Human comic-book villains exemplify this fear: they believe that super-heroes (Lex Luthor believes that Superman and Norman Osborn that Spider-man) are destructive to the human psyche. They are convinced that such beings show what the common man can’t do rather than reveal their true potential; that they give us our excuse not to even try (because we don’t have invulnerability or spider-reflexes, now do we?). They believe that so-called villainy – lying, backstabbing, cheating, survival of the fittest, end justifying the means mentality – is the only honest way a common person can achieve extraordinary things.

Peter David explored this very same theme way back in Spectacular Spider-Man Annuals #5 and #6 (titled Ace and Ace II respectively). Within these stories he places Spider-man and his unbending moral perspective up against a street tough named Ace and this man’s loyal yet violent attempts to protect and provide for his family and friends. Spider-man’s attempts to help, to show a simpler, kinder way for Ace to deal with his troubles only led to complicated results, and the wrong people getting hurt. Still Spider-man would not relent: his way was the only way, and he felt uncomfortable in letting Ace handle his problems via the man’s own, brutal methods.

The Ace stories went a ways to show a reality – the half-way point between comic-book heroics and real life heroics. So the question was asked: how reasonable were super-heroic ideals? Could any person without a sizable number of grander-than-life powers even hope to live life by such obviously ridiculous, good-willed extremes? Perhaps not, but neither is the extreme of self-seeking ambition a reasonably honorable trait.

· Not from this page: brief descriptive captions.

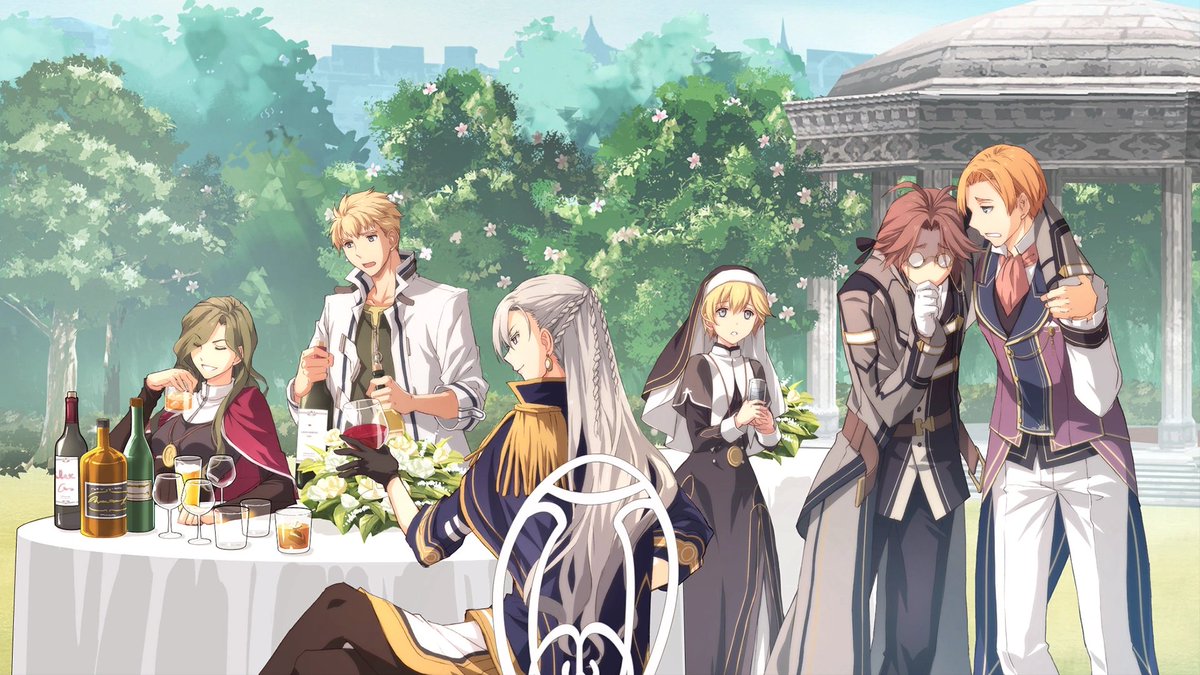 Mecha Girl Of The Day* (@mechagirlotd) on Twitter photo Next Mecha Girl of the day is Aurelia Le Guin from The Legend of Heroes: Trails of Cold Steel II! Next Mecha Girl of the day is Aurelia Le Guin from The Legend of Heroes: Trails of Cold Steel II!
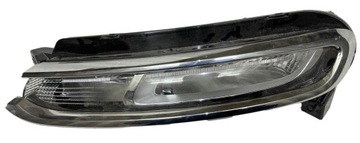 Лампа led лівий do руху денного перед ліва citroen c3 aircross iii фото №1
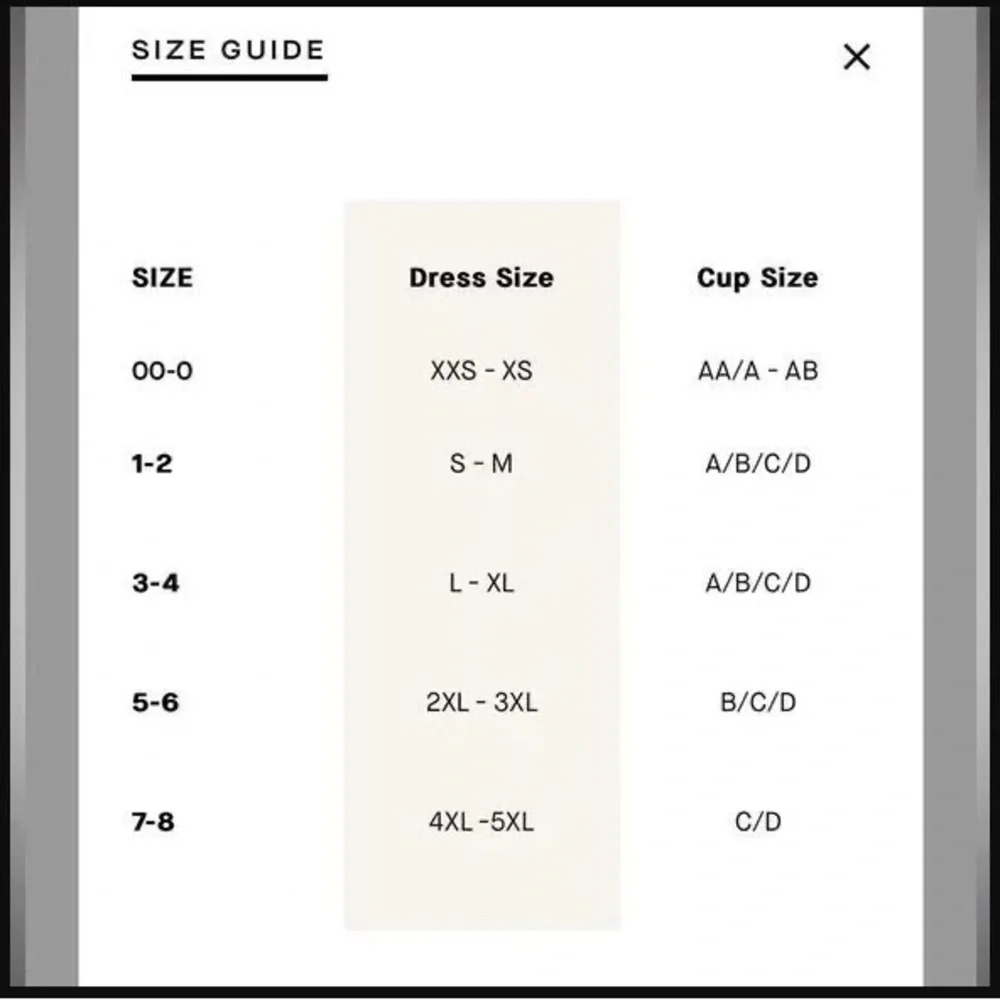 Good American Skinny Strap Seamless Body - Picture 12 of 12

A Spider-man story written by Roger Stern in Amazing Spider-Man #248, 'The Kid Who Collected Spider-Man', showed the great super-hero doing a very small, very human act of good will, an act that could and should (when the chances arise) be emulated by any real, modern person. Perhaps to show how accurately this story displayed a convincingly real-world heroic act, it remains to this day one of the most well received Spider-Man stories of all time. If Web Logs Vanna could have realized that she had the power and ability to do what she had the power and ability to do (remember, super-heroes have only ever been metaphors), then perhaps she could have accomplished a hundred times the number of humanitarian acts as Spider-Man did in Amazing #248 and been, in human eyes, an even greater hero, perhaps even more iconic for her greater limitations.

Another comic I read this week, Grenuord from Fantagraphics, had a quote which struck me as a perfect summation of Web Log: “…mistrust when faced with kindness is a distinguishing trait of a society that has evolved to the point where it cannot conceive of selfless deeds…” If this is an accurate theory, then the subsequent question is why does it have to be this way? Peter David goes a long way in Web Log to give an answer to this; to show why and how an individual can misjudge and misconceive of anything truly kind and truly heroic. Personally, I don’t think we have yet wholly abandoned the concept of the selfless deed. Not as long as the classic super-hero – the Spider-man/Super-man way – is remembered and revered. We no longer trust in its existence, but we still hold out hope, and with stories such as Web Log to lead as an example, as a comparison of what we love versus what we are – perhaps in the end that will be enough.